Restaurant information
- Established: 1NUL8 Meent (All day-concept): 2012 1NUL8 Basement (Modern cocktailbar and restaurant) 2023 1NUL8 Let’s Meat (Barbecue- and grillrestaurant) 2024 1NUL8 Noord (French all day-bistro) 2024 1NUL8 Aan het water (All day-concept) 2026
- Owners: Fabian Loveriks, Floris van der Sluis
- Location: Rotterdam, Zwijndrecht, the Netherlands
- Website: 1nul8.nl

= 1NUL8 =

Restaurant in Rotterdam, the Netherlands

1NUL8 is a chain of restaurants in Rotterdam and Zwijndrecht, the Netherlands.

==History==
===Founding of 1NUL8 Meent===

Van der Sluis had previously founded the all-day restaurant 1NUL8 Meent together with hospitality entrepreneur Ad Schaap, founder of the restaurant chain De Beren. Loveriks later became involved in this establishment. In early 2019, Loveriks and Van der Sluis opened the high-end restaurant Vandal. In October 2022, the venue was forced to close following severe water damage and electrical problems.

===Founding of 1NUL8 Basement===
Following the closure of Vandal, the partners developed a new concept that emphasized the central role of the bar. This resulted in the opening of 1NUL8 Basement, which features a large open kitchen and a prominent light-green, wave-shaped bar. The interior was designed to encourage guests to stay for cocktails after dining. On Thursdays the restaurant hosts cocktail nights, while on Fridays and Saturdays a DJ booth is in operation, targeting a late-evening audience.

==Other locations==
===Rotterdam===
====1NUL8 Let's Meat====
1NUL8 Let's Meat is a restaurant on the Binnenrotte in Rotterdam, the Netherlands. The venue opened in July 2025 and specializes in barbecue and grill dishes, with a focus on high-quality meat. The menu also includes a selection of vegetarian and fish options. The restaurant has a floor area of about 450 m^{2} and offers seating for approximately 250 guests. A large outdoor terrace was added for the summer season.

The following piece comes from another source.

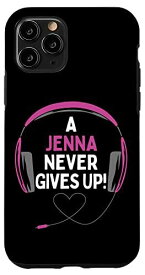 iPhone 11 Pro ゲーム用引用句「A Jenna Never Gives Up」ヘッドセット パーソナライズ スマホケース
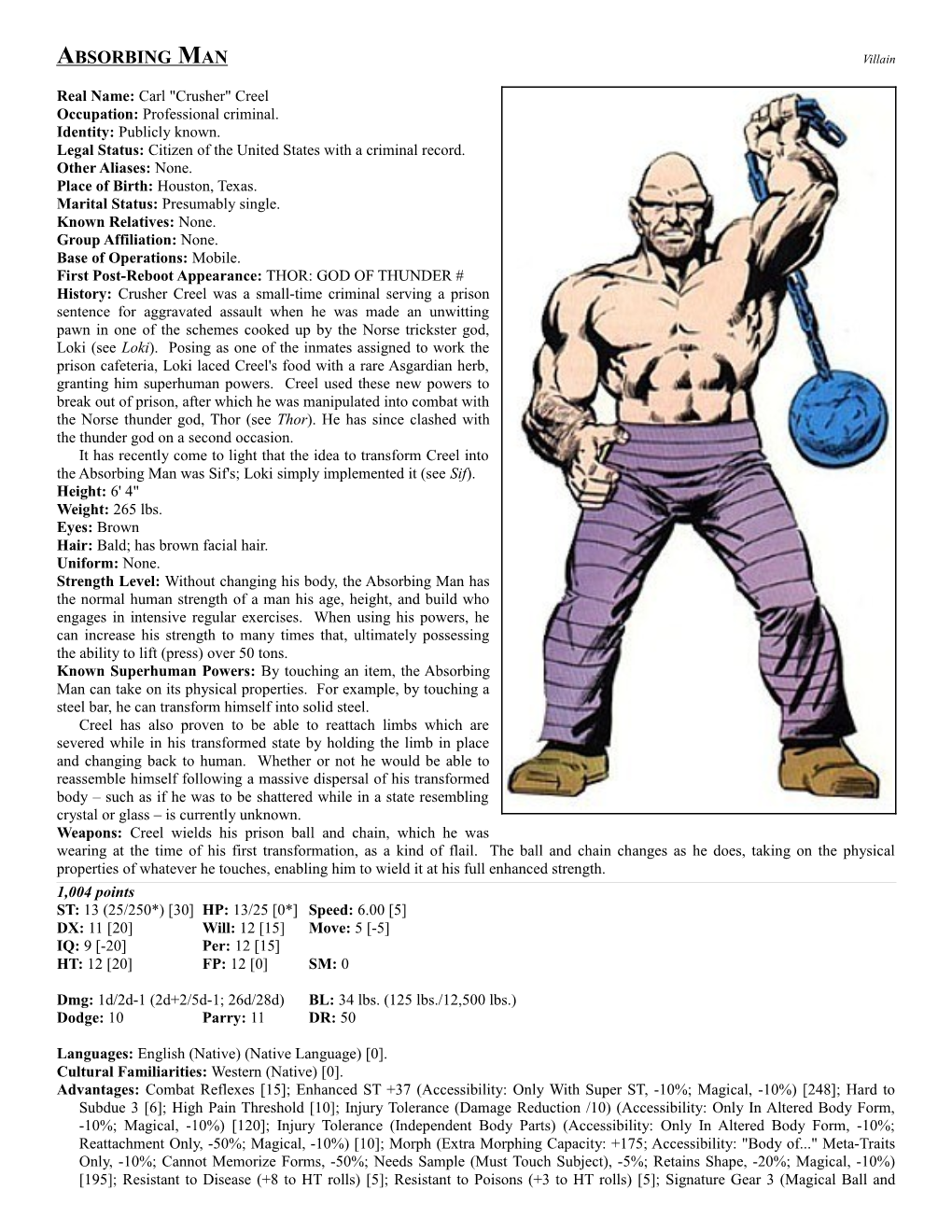 ABSORBING MAN Villain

====1NUL8 Noord/1NUL8 Le Bistro====
1NUL8 Noord, also called 1NUL8 Le Bistro, is located on the Bergweg in Rotterdam, the Netherlands. The establishment opened in the fourth quarter of 2024 and operates as a French all-day bistro. It is open daily from 08:00 to 23:00 and has a floor area of approximately 120 m^{2}, providing seating for 60 to 70 guests. The interior, designed by interior architect Dennis Koeslag, features a French style with bistro chairs and marble tiles.

===Zwijndrecht===
====1NUL8 aan het water====
1NUL8 Aan het Water is a restaurant scheduled to open in late 2025 or early 2026 in Zwijndrecht, the Netherlands. The venue is expected to resemble the first 1NUL8 location on De Meent in Rotterdam, but with a more low-key concept. It will operate as an all-day establishment, serving breakfast, lunch, and dinner.